Other possible nuances:
- иногда не читается – sometimes reading doesn’t go (neutral).
- иногда совсем не читается – sometimes reading really doesn’t go at all (stronger).
In this construction, the imperfective is natural because we’re talking about:
- an ongoing process / general ability in a situation, not a single completed act.
Читается here means:
- “reading (as an activity) goes well / doesn’t go.”
A perfective like:
- мне хорошо прочитается
would sound odd or force a very specific meaning (e.g., about one particular planned reading getting finished successfully), and even then it’s not idiomatic in this “how it generally goes” sense.
Impersonal мне X-ся with -ся is overwhelmingly used with imperfective to describe states and processes:
- мне не спится, мне хорошо работается, ей трудно пишется, etc.
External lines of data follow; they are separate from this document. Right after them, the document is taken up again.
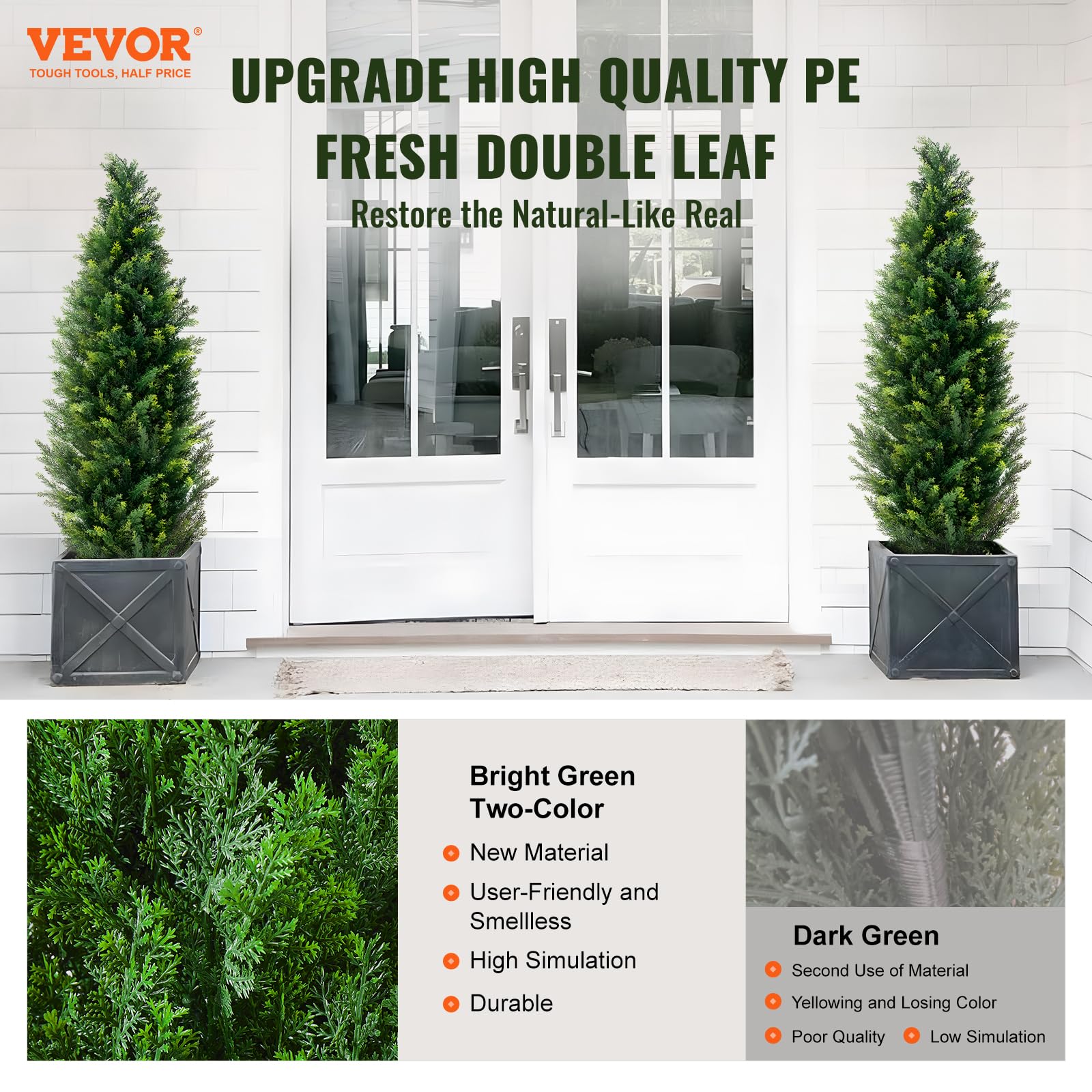 VEVOR artificial cedar trees 48-inch pair, ready for indoor and outdoor displays.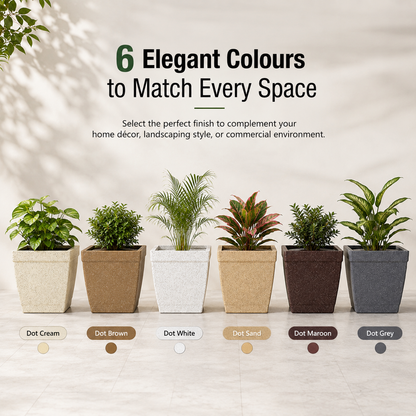GARDENCIA ROTO DOVE – Square Planter with Dot Finish Colour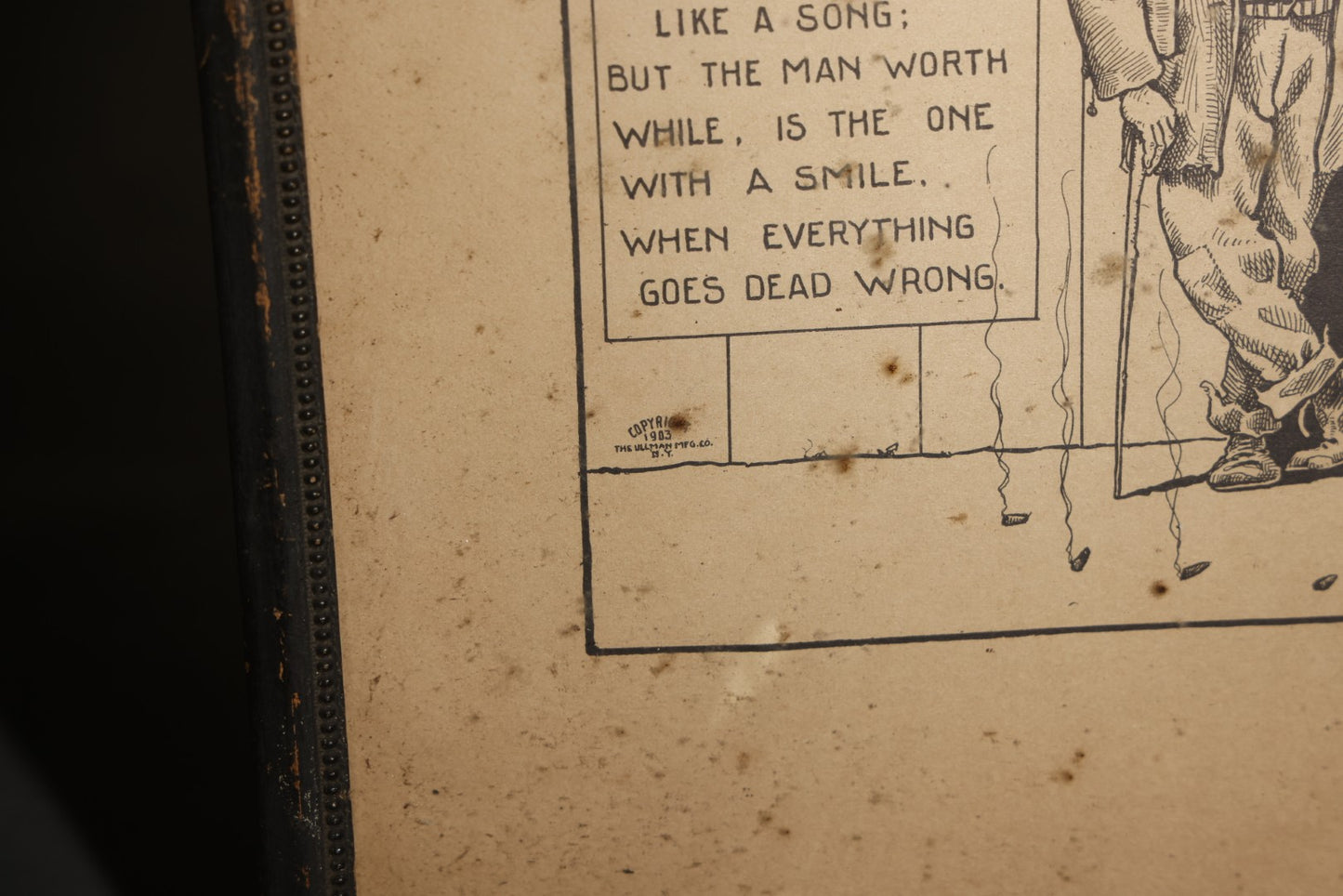 Antique Framed Print, "Post no Bills" Smiling Tramp Cartoon with Verse, Copyright 1903 by the Ullman Mfg. Co., New York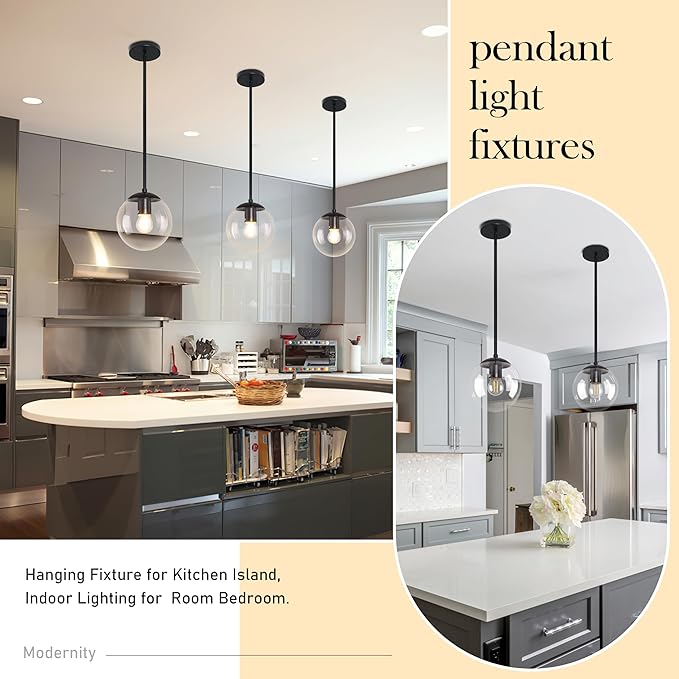 Bagood 6 Inch Globe Pendant Light Black Mid Century Pendant Light Clear Glass Pendant Lights Kitchen Island Mid Century Adjustable Hanging Farmhouse Pendant Lights Fixtures for Kitchen Island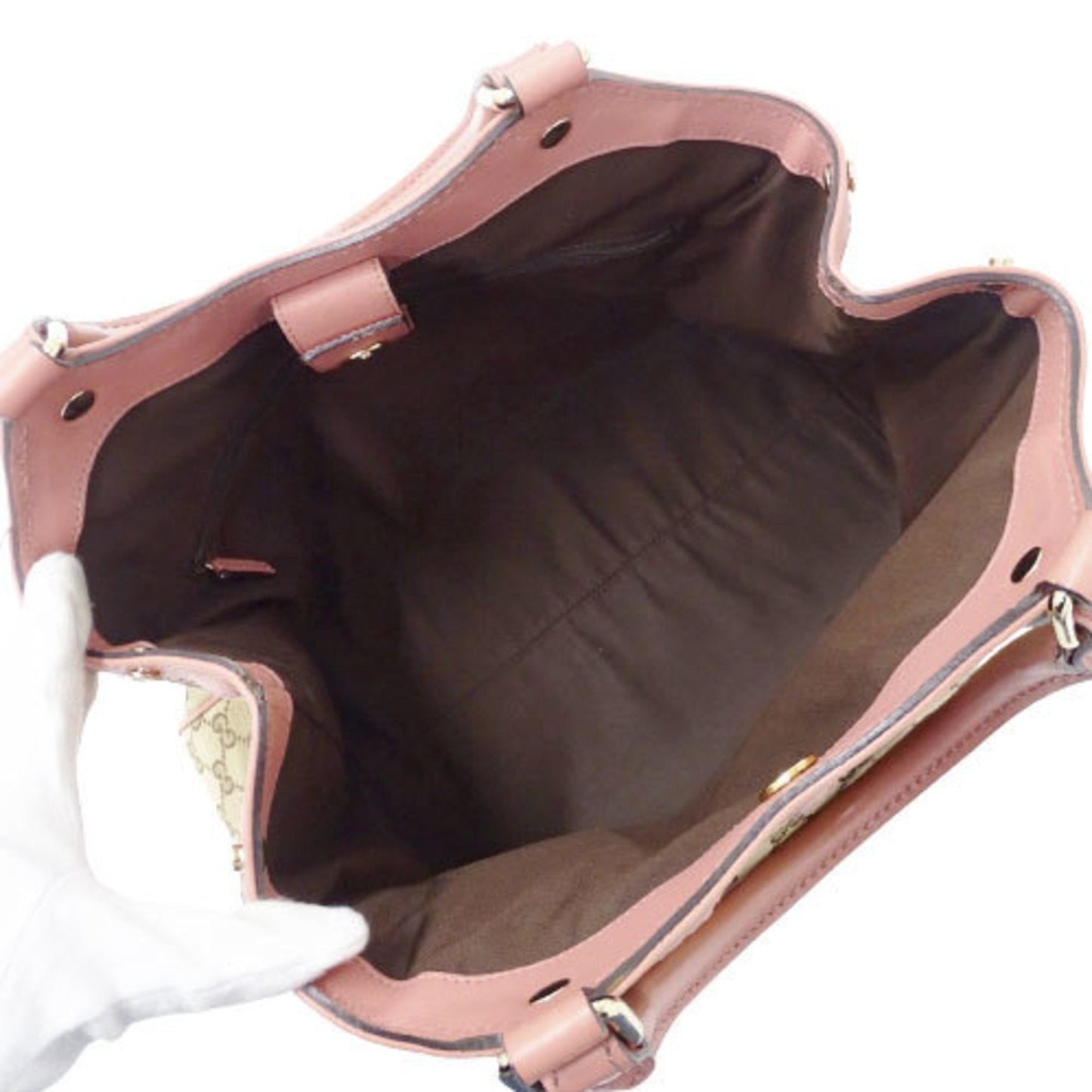 Gucci Bag Ladies Tote HandBag GG Canvas Suki 211944 Beige Brown Pink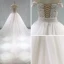 Luksus Champagne Brudekjoler 2019 Trompet / Havfrue Kjæreste Av Skulderen Korte Ermer Ryggløse Appliques Blonder Beading Perle Avtakbar Cathedral Train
Yes, this is a common pattern: dative person + adverb/adjective + verb with -ся to express “how something goes for someone.”
Examples:
- Мне хорошо спится. – I sleep well / it’s easy for me to sleep (right now/in these conditions).
- Сегодня мне не работается. – I can’t work today / work doesn’t go for me today.
- Ему легко пишется. – Writing comes easily to him.
- Нам здесь хорошо живётся. – We live well here (life is comfortable here).
- Ей тяжело думается об этом. – It’s hard for her to think about this.
Your sentence fits this pattern:
- мне хорошо читается / не читается – reading goes well / doesn’t go for me.
Yes, you can:
- мне хорошо читается – it’s pleasant / comfortable to read.
- мне легко читается – it’s easy to read (no effort).
- мне трудно читается – it’s hard to read (requires effort).
- мне плохо читается – reading doesn’t go well (uncomfortable, not productive).
So for your sentence, variants like:
- В поезде мне легко читается… – On the train I find it easy to read…
- … а дома вечером иногда очень трудно читается. – but at home in the evening sometimes it’s really hard to read.
The structure stays the same; only the nuance of your experience changes.
In this sentence, no—native speakers will hear it as an impersonal “how it goes for me” construction, because of:
- the presence of мне (dative experiencer)
- the absence of any nominative subject (no “book”, no “text” specified)
Passive-like читается typically has a nominative subject:
- Эта книга легко читается. – This book is easy to read.
(book = subject)
Your sentence:
- В поезде мне хорошо читается…
- No subject, only мне in dative → impersonal state, not passive.
Иногда is quite flexible. All of these are possible (with slightly different rhythms/emphasis):
… а дома вечером иногда совсем не читается.
(neutral, very natural)… а иногда дома вечером совсем не читается.
– slight focus on “sometimes there are evenings at home when…”… а дома иногда вечером совсем не читается.
– less common, slightly clunky; usually вечером and дома stick together as a chunk.
Most natural for everyday speech:
- дома вечером иногда совсем не читается or
- дома иногда вечером совсем не читается only if you really want to stress “sometimes in the evening” as opposed to other times of day.